Grundlage der Evaluation an der Universität Potsdam sind vierseitige Fragebögen für Vorlesungen und Seminare. Daneben werden Studenten, aber auch Absolventen nach ihren Erfahrungen, etwa auf dem Arbeitsmarkt, befragt. "Das Potsdamer Modell zeigt auf, daß aus studentischen Befragungen relevante Einsichten in die Qualität von Studiengängen gewonnen werden können", ist Engel überzeugt.

Ebenfalls mit dem Thema Evaluation hat sich im Auftrag des Bundesministeriums für Wissenschaft und Verkehr das Institut für Höhere Studien (IHS) befaßt.

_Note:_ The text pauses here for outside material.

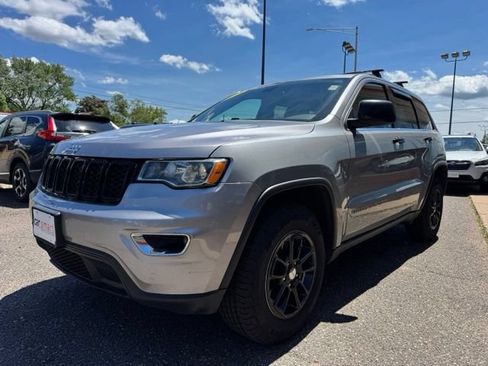 Used 2018 Jeep Grand Cherokee Laredo AWD/4WD image 3
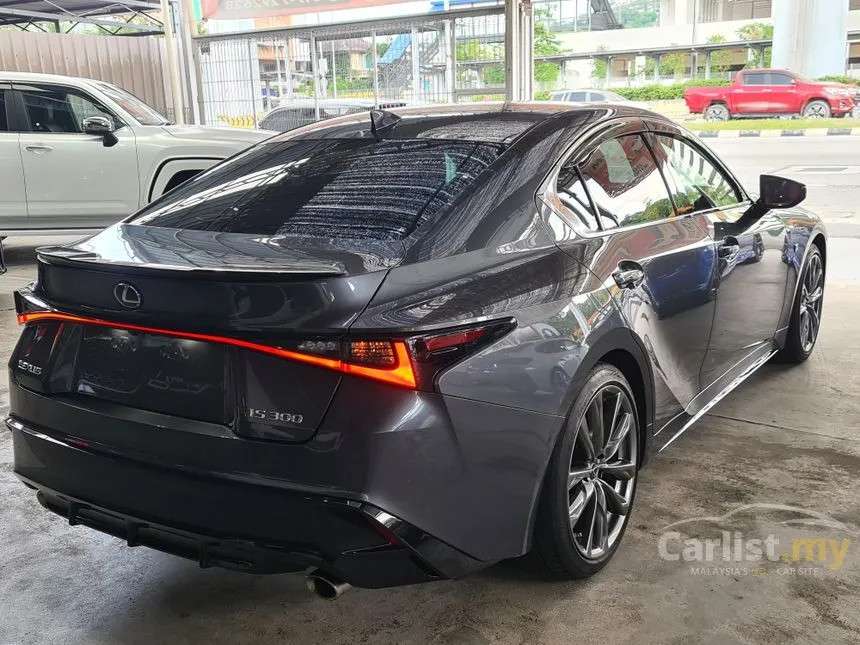2022 Lexus IS 300 F Sport Sedan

Der kürzlich vorgelegte Endbericht unter dem Titel "Wie kann oder wie soll Österreichs akademische Forschung evaluiert werden?" empfiehlt den Ansatz des "dualen Evaluationsmodus": n Das Monitoring: Dabei handelt es sich um die systematische, laufende und begleitende Erfassung und Dokumentation universitärer Leistungen und Effizienz. Das Monitoring sollte Forschung, Lehre und Verwaltung abdecken.

n Die "externe ex post Evaluation": Externe Gutachter sollen die Qualität der Forschung beurteilen, nach dem Motto: Wissenschafter bewerten Wissenschafter.

Evaluation sei, so das IHS, gerade für Österreich von Bedeutung, da zwischen den heimischen Universitäten ein echter und intensiver Wettbewerb - im Gegensatz zu den angloamerikanischen Ländern - bisher noch nicht stattgefunden hat. Evaluation wäre ein Beitrag zum Leistungsnachweis und zur Finanzierungskontrolle. "Österreichs Universitäten werden hauptsächlich öffentlich finanziert, und dabei vor allem öffentlich grundfinanziert. Damit ergibt sich die Notwendigkeit zur Rechtfertigung für den Erhalt öffentlicher Ressourcen seitens der Universitäten", so das IHS.

Mehr Selbstkontrolle Im Gegenzug zur der derzeit diskutierten weiteren Entflechtung zwischen Staat und Universitäten, der "Vollrechtsfähigkeit", müßten die Universitäten eine systematische und flächendeckende Selbstkontrolle von Leistung und Qualität einführen. "Der Anspruch wäre, daß alle Universitäten, die eine öffentliche Grundfinanzierung erhalten beziehungsweise in Zukunft erhalten möchten, durch ein Evaluationssystem erfaßt werden", schlägt das IHS in seinem Bericht an das Wissenschaftsministerium vor und: "Der Kernbereich der institutionellen Adressaten universitärer Forschungsevaluation wären sicherlich die zwölf etablierten Universitäten. Darüber hinaus wäre es aber grundsätzlich sinnvoll, ein solches Evaluationssystem auch auf andere Einrichtungen des Hochschulsektors (etwa die Donau-Universität Krems) sowie auf Kunstuniversitäten (Kunsthochschulen) und Fachhochschulen auszuweiten."

Beurteilt werden soll die universitäre Forschung nach Qualität, Effizienz, Relevanz und langfristigem Entwicklungspotential. Bewertet wird nach einer fünfteiligen Notenskala von "sehr gut" bis "nicht akzeptabel". Diese Beurteilung sollte letztlich auch für die Verteilung der öffentlichen Gelder ausschlaggebend sein.

Im Zuge des Berichts kritisiert das IHS aber auch, daß die gegenwärtigen Aufwendungen für Forschung und Entwicklung in Österreich unzureichend sind. "Deshalb empfehlen wir, daß in Österreich sowohl die öffentlichen Forschungs- und Entwicklungsaufwendungen im allgemeinen als auch die Forschungsausgaben des Bundes im speziellen weiter erhöht werden", heißt es in dem Bericht an das Wissenschaftsministerium.

Auch die Forcierung der Drittmittelfinanzierung und eine deutliche Erhöhung der Bundeszuwendungen an die beiden wichtigsten Institutionen für die öffentliche Forschungsförderung (FWF und FFF) wären sinnvoll. "Solch eine Erhöhung der Bundesmittel sollte natürlich auch von parallelen Evaluationsmaßnahmen begleitet werden, um eine optimierte Forschungsförderung zu gewährleisten", so die Empfehlung des IHS.